Holistic technologies for the energy management of ships
Together with leading partners from the maritime industry, HSVA is launching a large-scale project to develop an energy management system for ships based on rational methods. Partners are Hamburgische Schiffbau-Versuchsanstalt GmbH, AVL Deutschland GmbH, Entwicklungszentrum für Schiffstechnik und Transportsysteme e.V., Friendship Systems AG, Technische Universität Berlin, Technische Universität Hamburg, 52°North - Initiative for Geospatial Open Source Software GmbH, Universität zu Lübeck, Maritimes Zentrum der Hochschule Flensburg, C. Büttner Shipmanagement and AVL Software & Functions. Together with further associated ship operators , a forward-looking energy management and decision support system will be developed, taking into account current operational data and geo-information. This will contribute to improving energy efficiency and reducing emissions from shipping.
The energy consumption of merchant ships is largely determined by their hydrodynamic properties and the systems on board.
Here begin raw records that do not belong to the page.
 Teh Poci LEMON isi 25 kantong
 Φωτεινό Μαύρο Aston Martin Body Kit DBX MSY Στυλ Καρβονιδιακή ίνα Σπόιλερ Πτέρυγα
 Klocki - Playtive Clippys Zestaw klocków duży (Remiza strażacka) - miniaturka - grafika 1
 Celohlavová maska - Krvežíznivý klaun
In some cases, up to 90% of primary energy consumption is used for propulsion and must therefore be optimally managed. The aim of MariData is to develop, improve and classify rational modules for ship energy management by using a carefully selected combination of state-of-the-art maritime technologies and experience as well as AI-based tools and methods for a pioneering product for holistic ship energy and operations management.
Together with geo-information and a Decision Support System (DSS) that brings together technical, environmental and economic data, energy consumption information will be integrated into a platform that can be used both on board the ship and shore-side by a shipping company. The platform will provide on-line simulations for decision support to ship management, as well as assistance with short, medium and long-term forecasts and decisions related to ship operation.
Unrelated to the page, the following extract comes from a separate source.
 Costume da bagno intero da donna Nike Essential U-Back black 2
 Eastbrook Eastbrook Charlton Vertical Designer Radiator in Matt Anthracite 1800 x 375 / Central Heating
MariData's innovations lie in the precise determination and analysis of the current ship's drag, propulsion and respective fuel consumption under realistic operating conditions, taking into account wind and wave influences. On this basis, a rational analysis of the influences of the individual components is carried out, thus improving the quality of the forecast and the basis for navigation decisions. Integration with state-of-the-art geoservices takes the planned system to a new level. In addition, there are flexible approaches to quickly generate missing data (e.g. geometry) and integrate it into the analysis.
The project is funded by the German Federal Ministry for Economic Affairs and Energy.